Building your personal brand: You are how you operate
You’ve heard it before: Financial advice is a relationship business. Your clients aren’t just buying insurance and investments—they’re paying to work with you and access your expertise. Building your personal brand is key to your success. In this article, we’ll highlight 10 principles of creating a personal advice brand.
- Practice what you preach. Have in place all the strategies and plans that you recommend for clients—including a budget, proper insurance, a superannuation strategy and estate planning. You can't be a credible adviser otherwise.
- You can segment clients and treat everyone personally. Sure, there are efficiencies to be gained by having a standard offering, but how you interact with a client is something personal. Don't try a one-size-fits-all with your clients, it's not what they are paying you for.
- Map out the optimal client service experience. One of the good things to come out of the Future of Financial Advice (FOFA) is that it encourages an active, ongoing relationship with your clients if you are charging them. Servicing clients can be challenging, but keeping interactions personal is critical.
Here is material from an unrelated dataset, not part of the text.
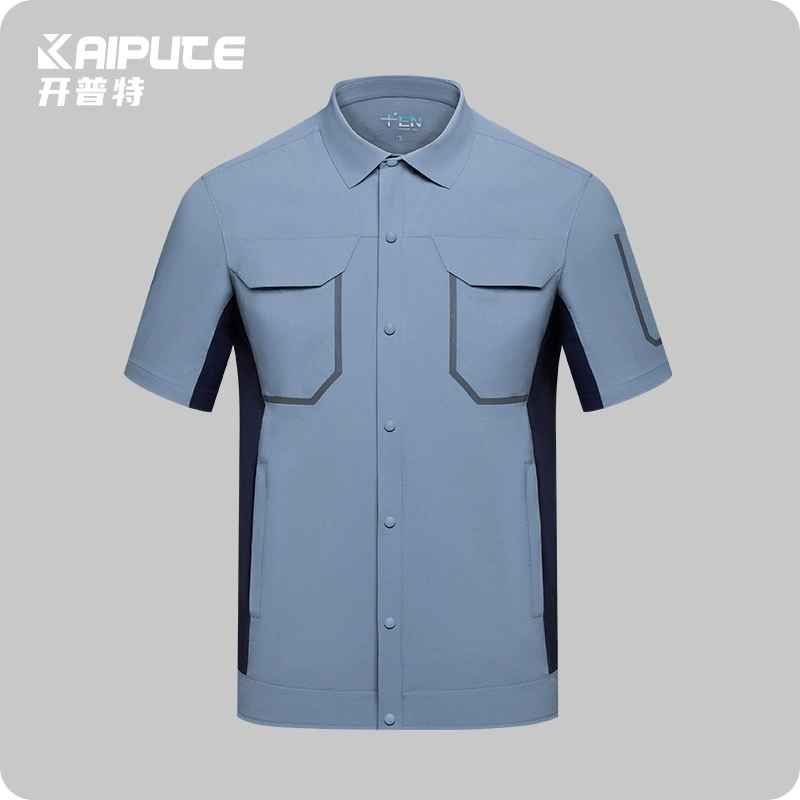 Трансграничная летняя куртка с короткими рукавами, комбинезон, дышащая, быстротушащая рабочая одежда, рабочая площадка, групповая одежда, топ для экспорта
What does the optimal client service experience entail? How do you create a longer-term plan for service and discussing key elements of their personal plan (e.g. retirement, estate planning, insurance, etc.) over time?
- Create a clear approach to fees. Your advice is valuable. Historically, advisers could hide behind inbuilt product commissions or even dial up fees a little if they thought the client would bear it. Those days are no more. On the flip side, some advisers have difficulty in understanding the true cost of running their business. Until advisers believe in the value they provide, they will always struggle to look a client in the eye and defend their fees. Have confidence that what you do can help your clients save money, time and provide peace of mind.
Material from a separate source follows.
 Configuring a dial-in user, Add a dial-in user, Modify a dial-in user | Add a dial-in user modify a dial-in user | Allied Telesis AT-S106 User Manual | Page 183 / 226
- Document your advice. Use a well laid out, short Statement of Advice (SoA) that says what the current situation is, what you are recommending and why. Clients who are teachers or engineers may read your entire SoA, but most of your clients will not. Spend more time working on your executive summary so that it really talks to the client, demonstrates that you understand them and will help them reach their goals. Diagrams can really help here too.
- Use file notes effectively to build and maintain great relationships. They need to be comprehensive and not just cover what was said and agreed on, but also talk about feelings, levels of understanding, options that were dismissed and other concerns that the client had.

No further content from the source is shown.